__Given data__
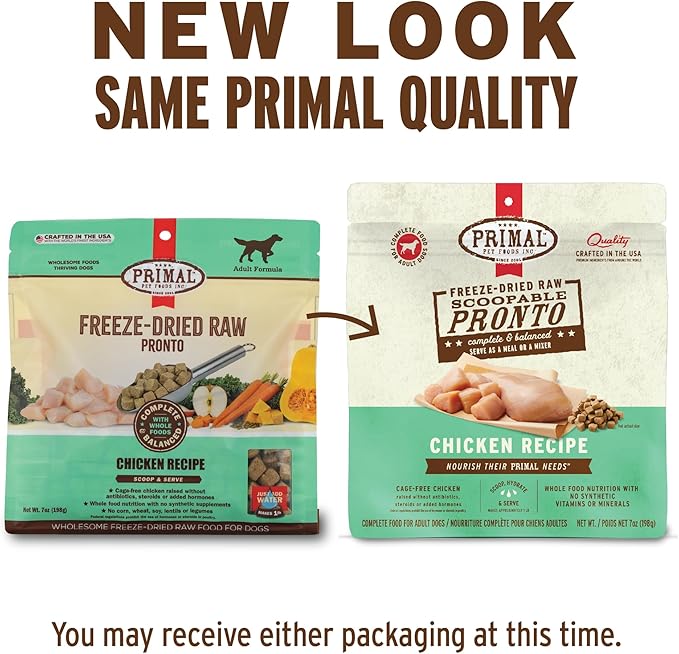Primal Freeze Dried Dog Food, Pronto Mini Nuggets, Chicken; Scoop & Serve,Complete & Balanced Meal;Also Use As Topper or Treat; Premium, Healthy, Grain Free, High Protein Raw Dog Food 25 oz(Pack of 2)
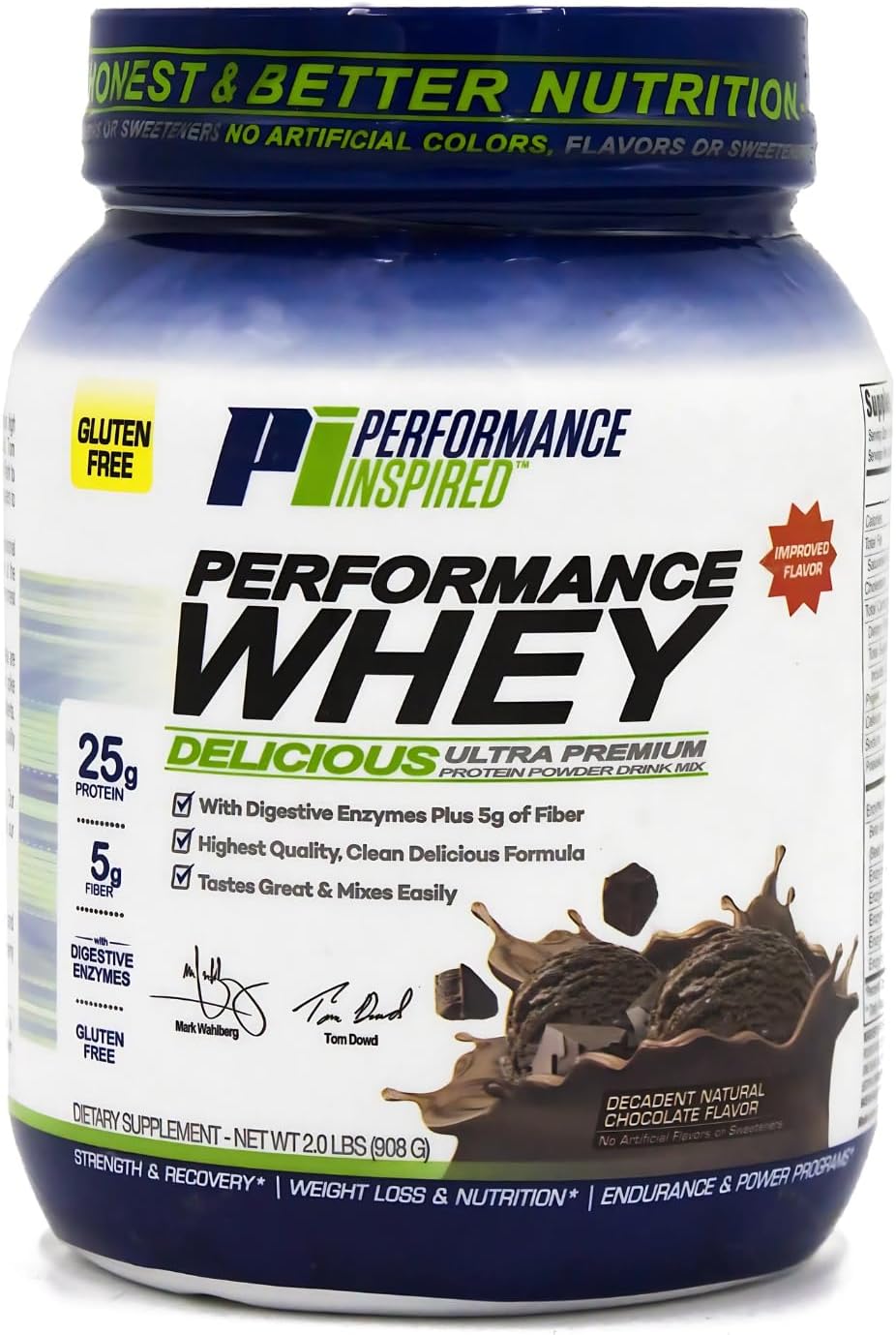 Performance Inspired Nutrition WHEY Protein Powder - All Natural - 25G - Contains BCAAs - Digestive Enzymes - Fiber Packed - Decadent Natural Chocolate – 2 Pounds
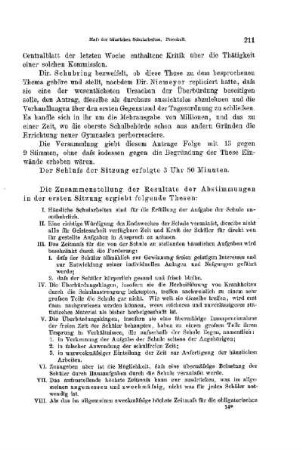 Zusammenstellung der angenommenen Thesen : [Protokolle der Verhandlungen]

__How to complete this task__
Reproduce word for word the lines running from the line with "Performance Inspired Nutrition" through the end of the data, both included, and nothing else; leave out the pictures.

__Exercise solution__
 Performance Inspired Nutrition WHEY Protein Powder - All Natural - 25G - Contains BCAAs - Digestive Enzymes - Fiber Packed - Decadent Natural Chocolate – 2 Pounds
 Zusammenstellung der angenommenen Thesen : [Protokolle der Verhandlungen]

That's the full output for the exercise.